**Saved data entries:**
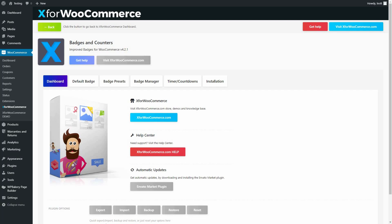Welcome to Badges & Counters for the WooCommerce video guide. This guide covers how to add multiple badges and the out-of-stock badge in the Badges & Counters plugin.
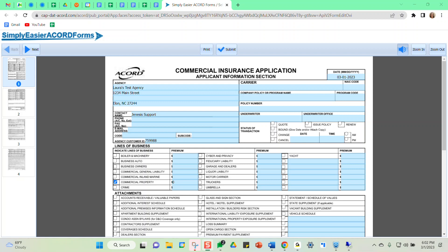For those of you who frequently access the Accord 125, as you see on my screen, the commercial insurance application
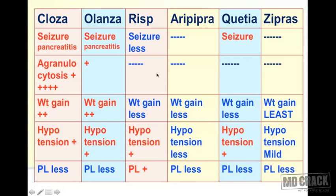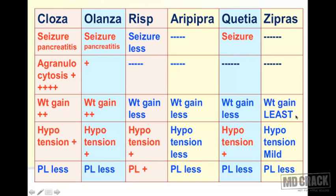Weight gain is due to H1 (histaminergic) blockade causing increased appetite. Looking at the table: clozapine and olanzapine show 2+ weight gain; risperidone shows less; aripiprazole shows less; quetiapine shows less; and ziprasidone shows the least weight gain. So if asked which drug has minimal H1 blockade or least tendency to cause weight gain, the answer is ziprasidone.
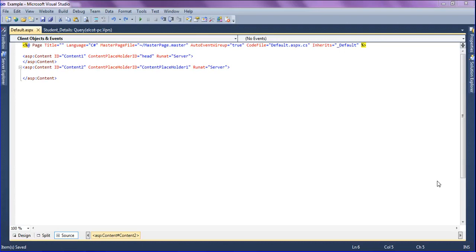Hello friends, this is Asrar. In this session we will discuss ASP.NET GridView control using C-Sharp.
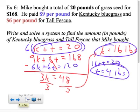So Mike bought 16 pounds of Kentucky bluegrass and 4 pounds of tall fescue. This whole section is primarily a review and extension of section 7.3 — we just built on it by multiplying first and then using elimination.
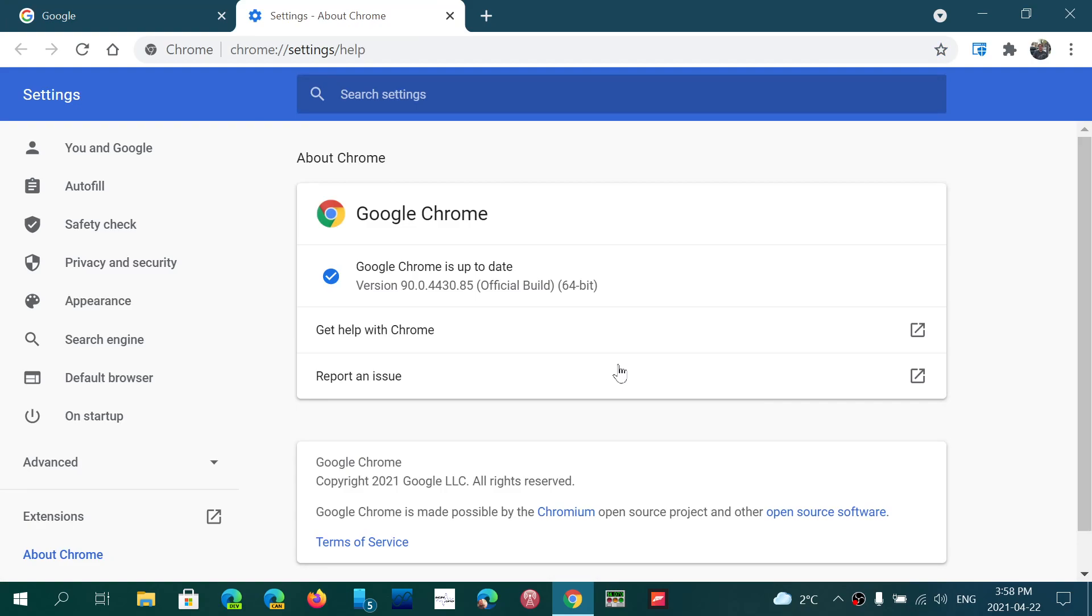This fixes the critical flaw that is apparently already exploited by hackers online, which means an unprotected Google Chrome browser could technically be exploited by the bad guys right now.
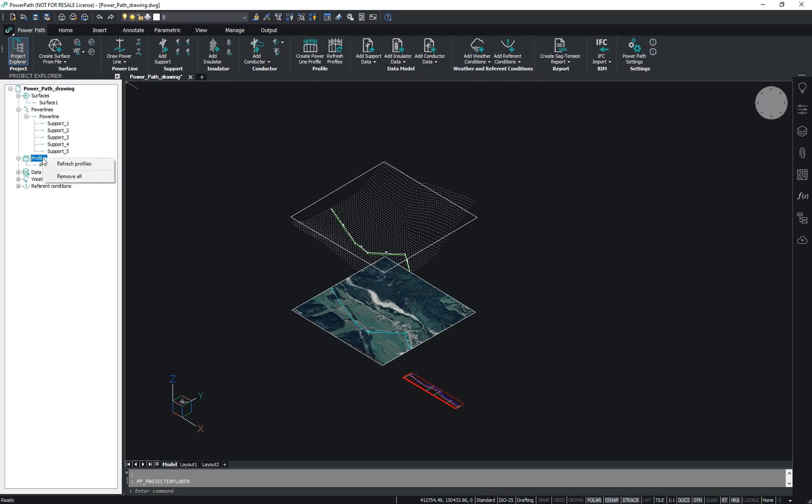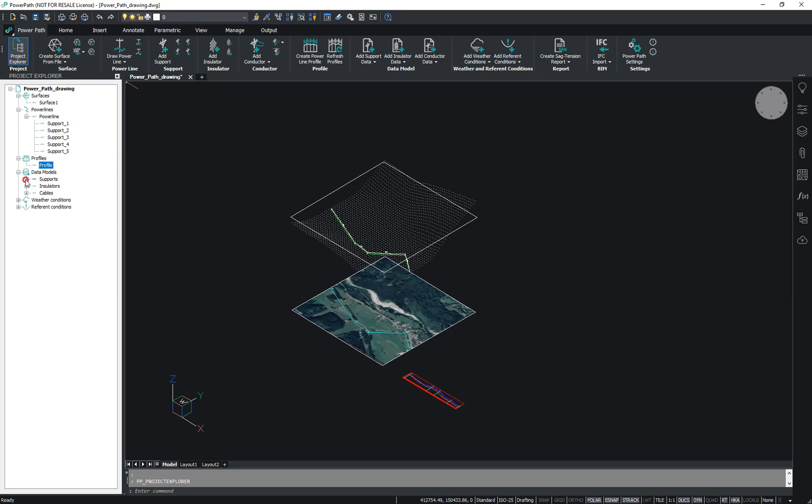In the Profile section, we can refresh or remove profiles. There is also a Data Models section where we can add new data models or edit existing data models.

**Exercise goal:**
Word-for-word output of every record is needed, with images omitted.

**Your response:**
Welcome to Badges & Counters for the WooCommerce video guide. This guide covers how to add multiple badges and the out-of-stock badge in the Badges & Counters plugin.
For those of you who frequently access the Accord 125, as you see on my screen, the commercial insurance application
Weight gain is due to H1 (histaminergic) blockade causing increased appetite. Looking at the table: clozapine and olanzapine show 2+ weight gain; risperidone shows less; aripiprazole shows less; quetiapine shows less; and ziprasidone shows the least weight gain. So if asked which drug has minimal H1 blockade or least tendency to cause weight gain, the answer is ziprasidone.
Hello friends, this is Asrar. In this session we will discuss ASP.NET GridView control using C-Sharp.
So Mike bought 16 pounds of Kentucky bluegrass and 4 pounds of tall fescue. This whole section is primarily a review and extension of section 7.3 — we just built on it by multiplying first and then using elimination.
This fixes the critical flaw that is apparently already exploited by hackers online, which means an unprotected Google Chrome browser could technically be exploited by the bad guys right now.
In the Profile section, we can refresh or remove profiles. There is also a Data Models section where we can add new data models or edit existing data models.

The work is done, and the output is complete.